El interior es una meseta arenosa que llega hasta los cuatro mil metros, donde durante el día el sol quema los ojos y la piel y por la noche el termómetro desciende por debajo de cero. Poblados de barro surgían, y surgen aún, a grandes distancias entre sí, en los lugares donde fluía un hilo de agua y formaba un oasis. Una vez cada cincuenta años nieva en los picos más altos. El aire es resplandeciente, el cielo terso y duro como un cristal; las estrellas parecen cercanísimas. Los griegos, que nunca exploraron la inmensa península, que es la más vasta del mundo, llamaron a sus habitantes sarracenos, que significa «hombres de Oriente». Estos hombres eran de origen semítico y de piel blanca, aunque bronceada por el sol. Vejados, pero también protegidos por lo inhóspito de su tierra, nunca habían sentido la necesidad de unirse y formar lo que hoy se llama una «nación». La mayoría eran genuinos nómadas que se pasaban el día cabalgando camellos y caballos y matándose entre sí por la posesión de un pozo con la escasa hierba que crecía a su alrededor. Eran susceptibles, orgullosos y anárquicos. El único vínculo social al que obedecían era el de la tribu, mandada por un cadí. Su ocupación favorita era la guerra y su reposo la mujer. Se casaban con muchas, trayendo al mundo catervas de hijos y confiando su selección a las epidemias, hambrunas y la inclemencia del clima, que dejaban a muy pocos con vida, y su sueño, casi siempre realizado, era morir con el arma en la mano. Hablaban una lengua muy semejante a la hebraica, pero casi ninguno sabía leerla o escribirla. Hasta los poetas eran analfabetos. Sin embargo, abundaban; más aún, casi todos los hombres eran un poco poetas. Durante un mes al año, la tribu se dedicaba a componer y recitar estrofas y versos, reuniones que no pocas veces terminaban en luchas y carnicerías.

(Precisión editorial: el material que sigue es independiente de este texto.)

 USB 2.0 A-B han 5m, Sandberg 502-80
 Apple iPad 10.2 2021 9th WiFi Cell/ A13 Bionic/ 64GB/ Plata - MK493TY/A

Profesaban una curiosa religión politeísta. Creían en la Luna, en las estrellas y en una cantidad de djin o espíritus que con el tiempo ya no comprendían nada acerca de ellos y, desesperando de poder propiciárselos a todos, se entregaban con fatalismo a la suerte, sin creer demasiado en que hubiese otra vida más allá de la terrena. Con todo, cuando morían, hacían atar al camello a la propia tumba para hacerse transportar a un paraíso lleno de mujeres, caballos y luchas que representaba su vaga e indefinida esperanza.
Esta religión tenía su capital en La Meca, su templo en la Kaaba y su altar en la Piedra Negra.
La Meca era la ciudad más importante de la península, pero su primado no se debía a privilegios climáticos y naturales. Se levantaba en un valle pedregoso y árido, azotado por el calor, en el que no crecía una planta. Pero, por su proximidad al mar Rojo, era lugar de paso obligado para las caravanas que iban de Egipto a la India y viceversa. Una de sus dos mayores industrias eran, de hecho, las compañías de transporte, algunas de las cuales disponían hasta de mil camellos. La otra era la Kaaba, meta de peregrinación.
Kaaba significa «cubo». Es un edificio rectangular de piedra, de unos quince metros de altura, del que dicen los árabes que ha sido reconstruido diez veces: la primera, por los ángeles, la segunda por Adán y la última por Mahoma, que es el que se ve en la actualidad.
En un ángulo, surge de la tierra la célebre Piedra Negra, que en realidad es rojiza, de forma oval. No es mucho más que un guijarro pulido, pero los árabes aseguran que descendió del cielo, y tal vez sea verdad, porque seguramente se trata de un meteorito.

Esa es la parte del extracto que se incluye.